Conference: NeurIPS 2025 arXiv: 2504.12801 Code: None Area: Other Keywords: sparse training, lottery ticket hypothesis, sign flipping, reparameterization, pruning at initialization

TL;DR

This paper identifies the root cause of poor performance in pruning-at-initialization (PaI) sparse training as the inability to learn correct parameter signs as dense-to-sparse methods do. To address this, the authors propose Sign-In reparameterization (\(\theta = m \odot w\)), which introduces an internal degree of freedom to facilitate sign flipping. The approach is theoretically shown to resolve a class of sign-flipping scenarios complementary to those addressed by overparameterization, and empirically yields substantial improvements in sparse-from-scratch training.

Background & Motivation

  • Background: As neural networks scale to billions of parameters, efficient training pipelines become critical. Network sparsification is a key approach to achieving efficiency. Current state-of-the-art sparsification methods (e.g., AC/DC, STR, CAP) rely on a dense-to-sparse training paradigm: a full dense network is trained first and then gradually pruned, incurring full computational and memory overhead during the dense training phase.
  • Limitations of Prior Work: The Lottery Ticket Hypothesis (LTH) posits that sparse subnetworks ("winning tickets") exist within random initializations and can be trained from scratch to match the performance of dense networks. In practice, however, pruning-at-initialization (PaI) methods (e.g., SNIP, GraSP, Synflow) consistently exhibit a significant performance gap relative to dense-to-sparse methods.
  • Key Challenge: This paper attributes the gap to parameter sign alignment: dense-to-sparse methods achieve sign alignment early in training, whereas PaI methods fail to reliably learn correct signs. Signs carry more critical information than magnitudes—initializing with learned signs and random magnitudes recovers baseline performance, whereas using learned magnitudes and random signs does not.

Method

Overall Architecture

Sign-In reparameterizes each weight parameter \(\theta\) as an element-wise product of two parameters: \(\theta = m \odot w\). This introduces an internal degree of freedom \(\beta\) (determined by initialization) satisfying \(m^2 - w^2 = \beta \cdot \mathbf{1}\). This reparameterization induces a Riemannian gradient flow in the original parameter space:

\[d\theta_t = -\sqrt{\theta_t^2 + \beta} \odot \nabla L(\theta)\, dt.\]
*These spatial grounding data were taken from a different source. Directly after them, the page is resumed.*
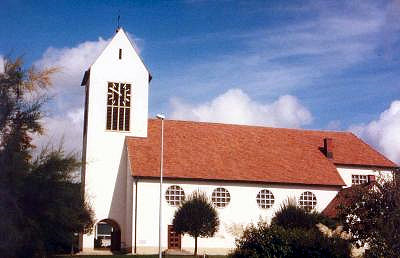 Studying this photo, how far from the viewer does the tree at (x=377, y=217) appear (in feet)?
70.4

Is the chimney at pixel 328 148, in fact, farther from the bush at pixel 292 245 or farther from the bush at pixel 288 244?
the bush at pixel 292 245

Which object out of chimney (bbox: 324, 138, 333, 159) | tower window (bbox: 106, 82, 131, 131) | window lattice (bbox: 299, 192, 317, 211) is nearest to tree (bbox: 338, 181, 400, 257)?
window lattice (bbox: 299, 192, 317, 211)

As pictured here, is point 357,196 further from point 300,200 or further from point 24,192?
point 300,200

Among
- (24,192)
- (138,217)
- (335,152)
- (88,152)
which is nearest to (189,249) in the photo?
(138,217)

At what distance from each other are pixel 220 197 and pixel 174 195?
158 inches

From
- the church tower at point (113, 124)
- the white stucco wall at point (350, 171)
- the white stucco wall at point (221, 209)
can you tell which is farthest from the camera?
the white stucco wall at point (350, 171)

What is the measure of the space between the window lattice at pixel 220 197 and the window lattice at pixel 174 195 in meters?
2.73

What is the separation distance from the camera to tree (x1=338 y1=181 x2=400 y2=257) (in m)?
21.5

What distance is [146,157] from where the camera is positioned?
44812 millimetres

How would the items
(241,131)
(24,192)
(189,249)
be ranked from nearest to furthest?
(24,192) → (189,249) → (241,131)

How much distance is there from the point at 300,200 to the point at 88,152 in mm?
19102

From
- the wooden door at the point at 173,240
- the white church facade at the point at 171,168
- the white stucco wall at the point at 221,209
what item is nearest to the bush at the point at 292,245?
the white stucco wall at the point at 221,209

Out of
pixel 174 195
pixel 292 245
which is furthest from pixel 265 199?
pixel 292 245

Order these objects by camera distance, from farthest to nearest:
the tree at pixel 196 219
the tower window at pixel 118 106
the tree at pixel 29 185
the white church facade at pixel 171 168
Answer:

The key insight is that \(\sqrt{\theta_t^2 + \beta}\) provides a nonzero scaling factor even when \(\theta\) is near zero, enabling the parameter to cross zero and flip its sign.

Key Designs

  1. Importance of Sign Alignment: Extensive experiments establish three key findings: (a) a large proportion of signs flip and stabilize within the first 10 epochs of dense training; (b) initializing a sparse network with learned signs, learned masks, and random magnitudes recovers baseline performance; (c) using learned magnitudes with random signs is essentially equivalent to random initialization. This demonstrates that signs constitute the critical information in the parameter–mask coupling.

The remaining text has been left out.